The North Dakota Wheat Commission filed a Section 301 petition late last week in the hope that U.S. pressure over Canadian Wheat Board (CWB) pricing could lead to restraints on Canadian wheat exports into the U.S., which the petition claims have drastically increased as a result of alleged anti-competitive trade practices, such as unfair pricing.

The petition puts pressure on USTR on whether to move forward on an investigation during the politically charged election season. USTR has 45 days from the time the petition was filed to make a decision.

The farmers represented by the Commission hope that an investigation into the CWB will be a way to engage Canadians in a negotiation under the threat of U.S. action. "We needed to do something to create leverage," a congressional source said. The issues raised by the petition will "never go away until the U.S. and Canada negotiate," said an informed source.

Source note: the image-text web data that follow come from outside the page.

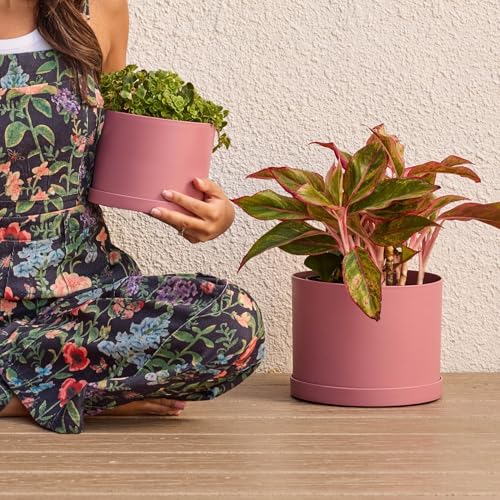 Bloem Mathers 6" Plastic Planter - Modern Indoor Pot with Drainage Holes and Saucer Tray, Dusty Rose - color: Dusty Rose, size: 6 "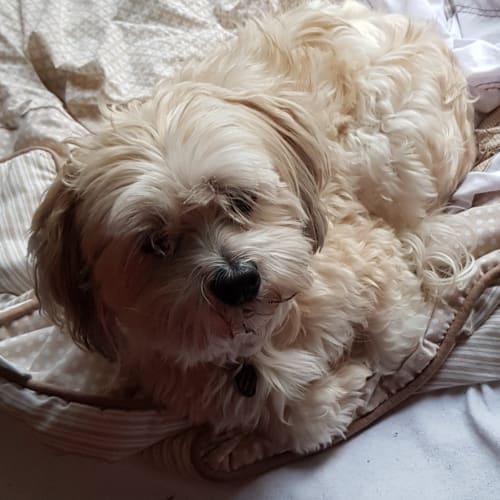 Mitzi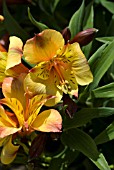 ALSTROEMERIA PRINCESS ARIANE ZAPRIARI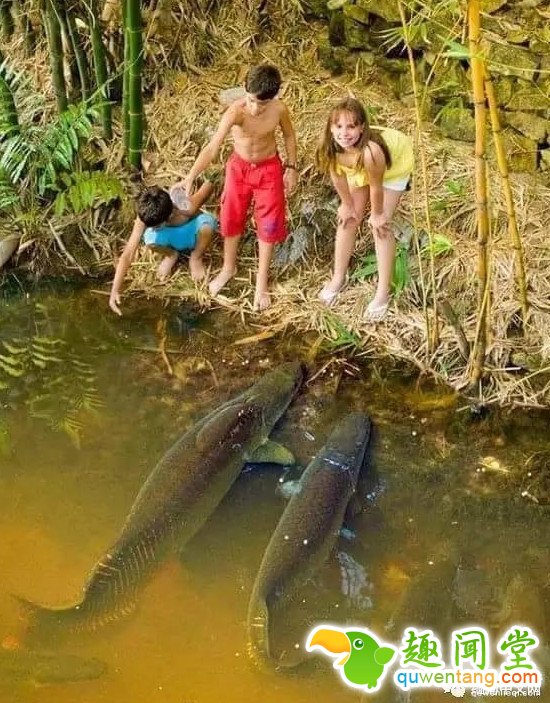 缅甸寺庙捉到长寿巨鱼：价值百万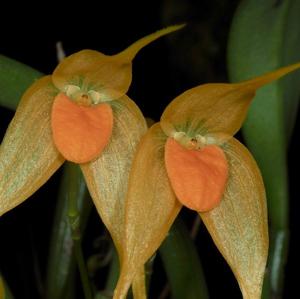 Bulbophyllum ankylochele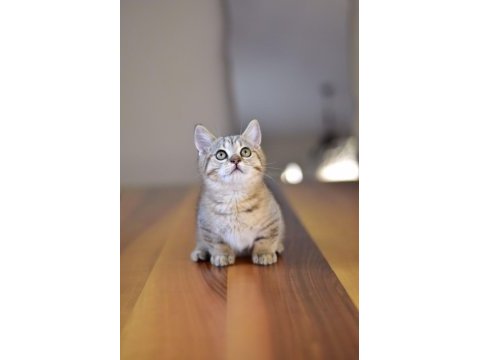 Munchkin cüce kedimiz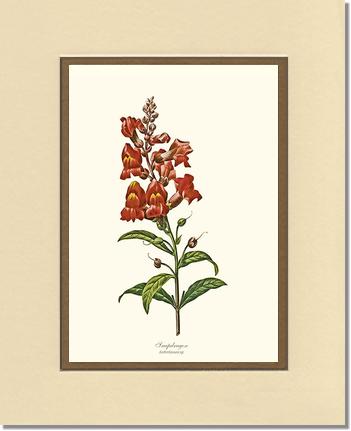Snapdragon | Flower/Floral Art Print
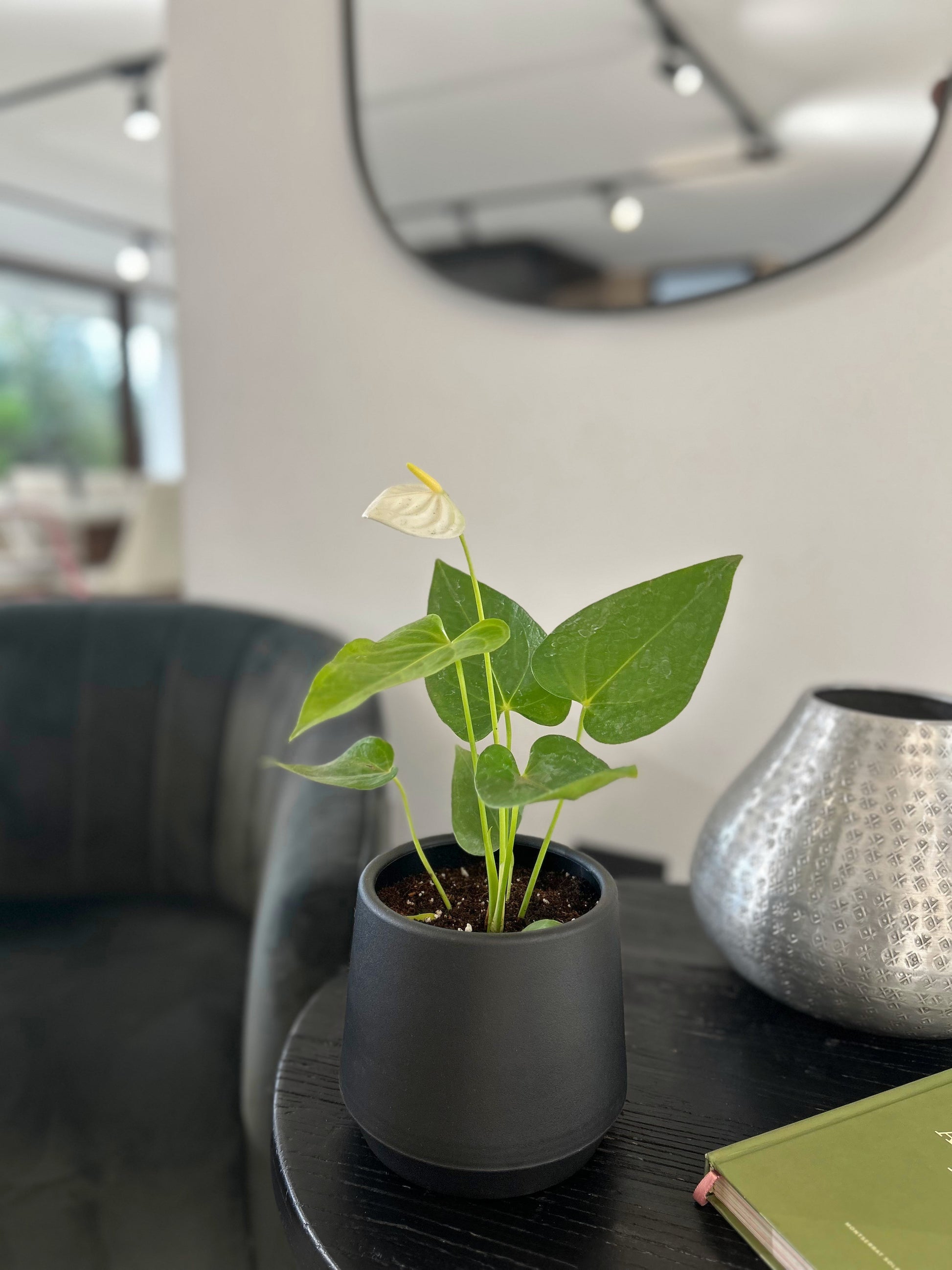 Anturio Blanco en macetero decorativo planta de interior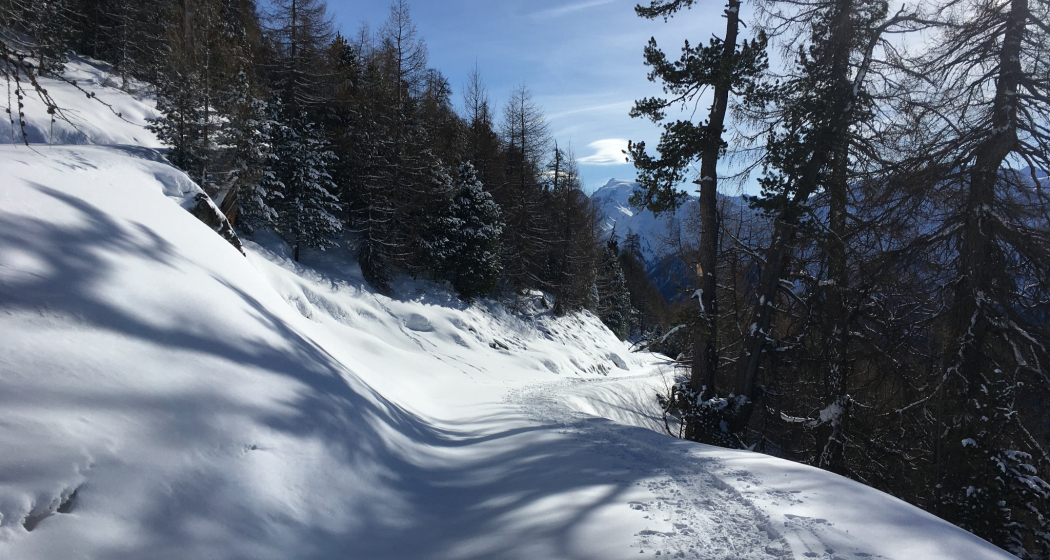 Von Lü geht es östlich in Richtung Alp Tabladatsch Von Lü geht es östlich in Richtung Alp Tabladatsch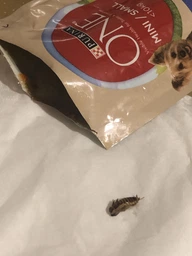 Корм консервований Purina One Mini/Small Adult для собак до 10кг з куркою морквою зеленою квасолею в підливі 85 г (8445290298263) фото від покупців 1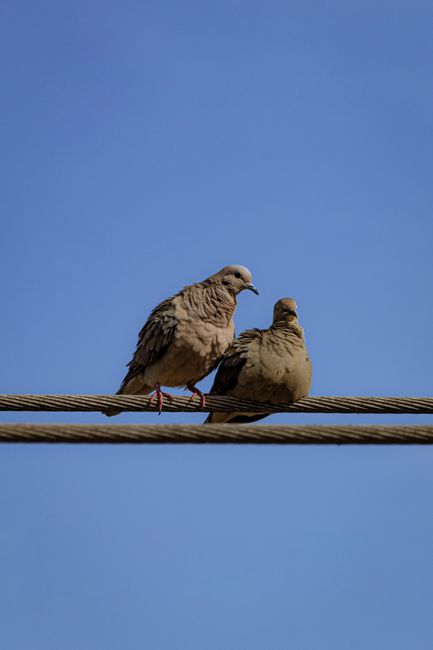 Two doves sit on a wire, showcasing tranquility and nature's beauty.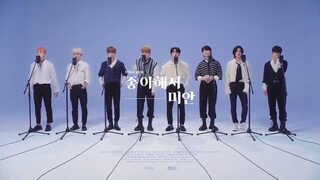 Stray Kids - 좋아해서 미안 (Sorry, I Love You) Video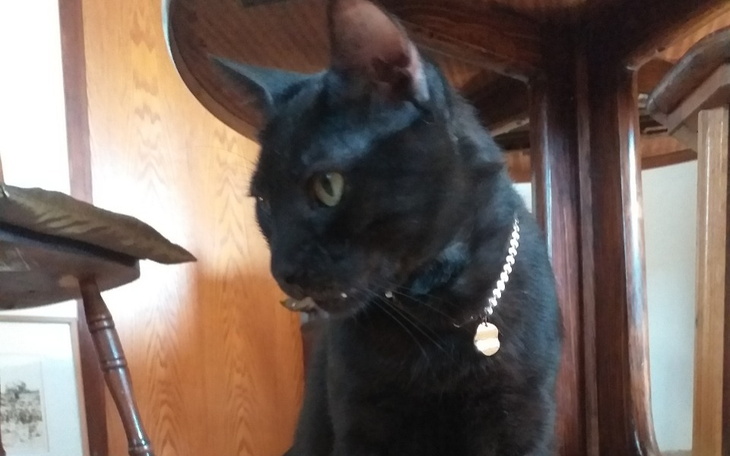 Zbiórka Na diagnozę i wyleczenie. - zdjęcie główne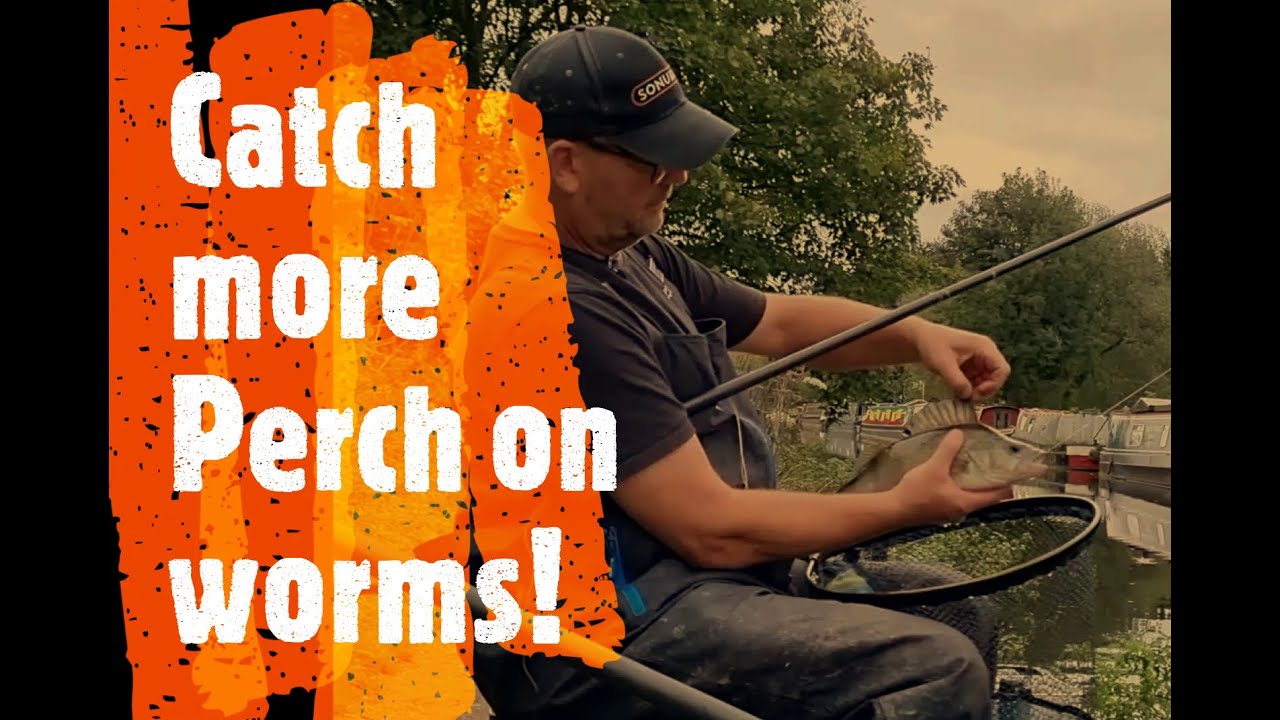 Catch more Perch on worms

But Canadian officials have made it clear they will not respond to the pressure and insisted they have no interest in restraining exports. Only if Canada is found to be in violation of international trade rules would Canada be willing to negotiate, one official said. If the United States Trade Representative chooses to move forward on the 301 petition, Canada will defend the CWB, he said.

Canadian officials dismissed the charges that the Wheat Board is violating international trade rules by having the CWB handle Canadian grain exports as a single desk seller. "Sentiments run from outrage to out-and-out disappointment that they decided to do this again," a Canadian government source said. "An action like this brings a lot of outrage."

The official emphasized that threatening Canada is not an effective way to approach the issue. "The hammer is never an effective tool in negotiation," the source said.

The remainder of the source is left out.